Records drawn from a dataset
□ □ □ □ □

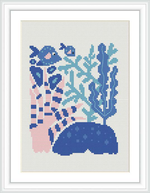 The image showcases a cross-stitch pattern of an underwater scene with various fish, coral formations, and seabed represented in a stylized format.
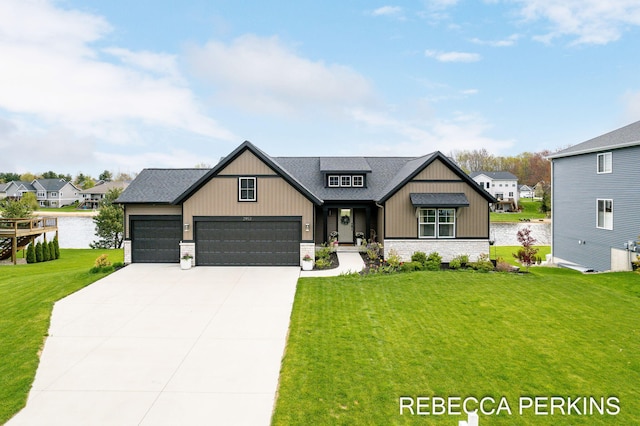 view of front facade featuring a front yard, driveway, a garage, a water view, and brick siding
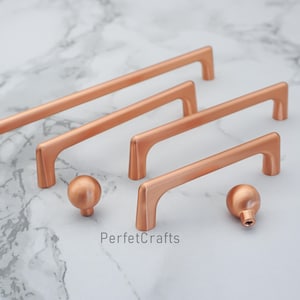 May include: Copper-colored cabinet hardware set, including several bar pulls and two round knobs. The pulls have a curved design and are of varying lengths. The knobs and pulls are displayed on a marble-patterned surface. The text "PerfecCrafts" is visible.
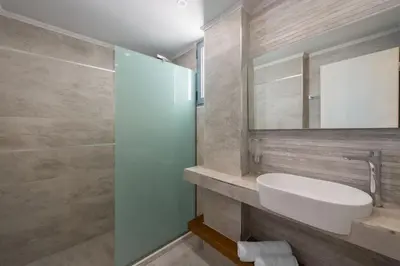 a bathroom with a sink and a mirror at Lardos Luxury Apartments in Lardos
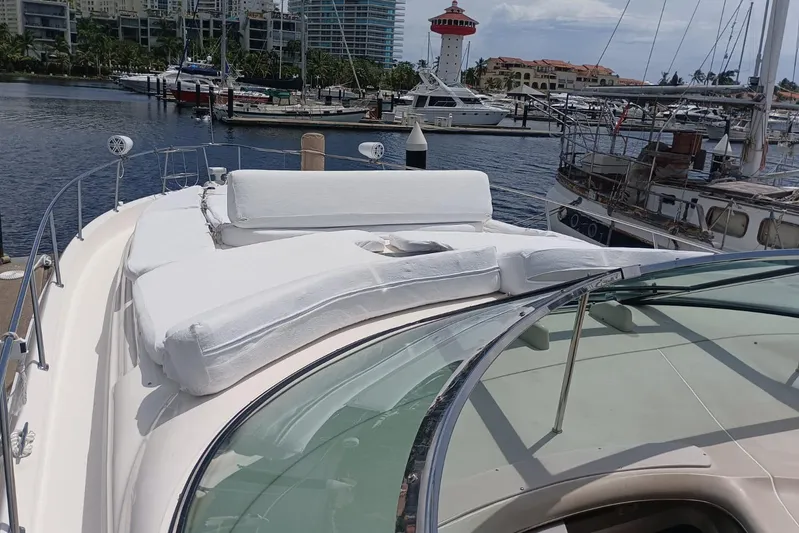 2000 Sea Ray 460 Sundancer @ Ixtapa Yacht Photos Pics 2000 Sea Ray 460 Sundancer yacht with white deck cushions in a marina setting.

□ □ □ □ □

### ABOUT THIS TASK
Skip every image and output the remaining records exactly.

### TASK OUTPUT
 The image showcases a cross-stitch pattern of an underwater scene with various fish, coral formations, and seabed represented in a stylized format.
 view of front facade featuring a front yard, driveway, a garage, a water view, and brick siding
 May include: Copper-colored cabinet hardware set, including several bar pulls and two round knobs. The pulls have a curved design and are of varying lengths. The knobs and pulls are displayed on a marble-patterned surface. The text "PerfecCrafts" is visible.
 a bathroom with a sink and a mirror at Lardos Luxury Apartments in Lardos
 2000 Sea Ray 460 Sundancer @ Ixtapa Yacht Photos Pics 2000 Sea Ray 460 Sundancer yacht with white deck cushions in a marina setting.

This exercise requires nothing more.